→ **How to complete this task**
Copy each line below exactly and leave the pictures out.

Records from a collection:
· · ·

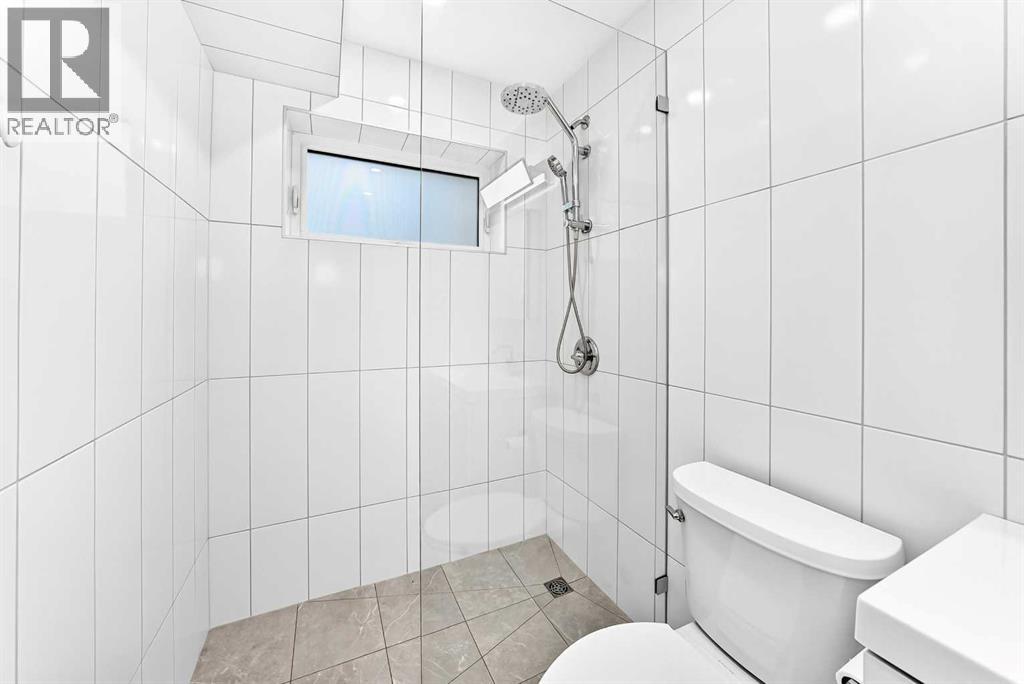 173 Cornwallis Drive NW - Image 24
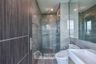 2 Bedroom Condo for rent in Ideo Q Victory, Thanon Phaya Thai, Bangkok near BTS Victory Monument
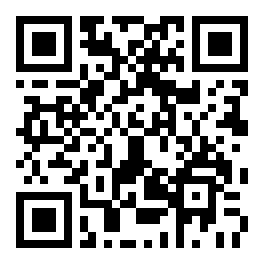 We ought to gain. Why? The value of the £1. We ought to gain. Why? The value of the £1.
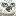 b5d15ece2246a9deca3bae9d0e150385d9c16d587ac6ff9afbb987e937f21974.png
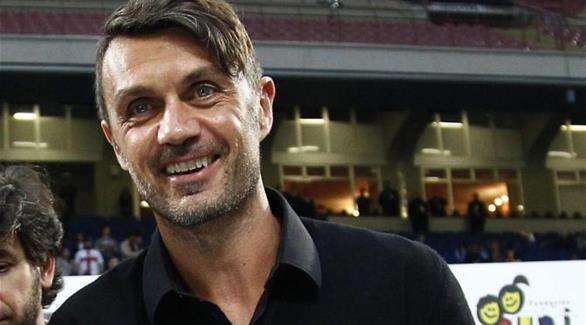 باولو مالديني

· · ·

→ **Output for this exercise**
 173 Cornwallis Drive NW - Image 24
 2 Bedroom Condo for rent in Ideo Q Victory, Thanon Phaya Thai, Bangkok near BTS Victory Monument
 We ought to gain. Why? The value of the £1. We ought to gain. Why? The value of the £1.
 b5d15ece2246a9deca3bae9d0e150385d9c16d587ac6ff9afbb987e937f21974.png
 باولو مالديني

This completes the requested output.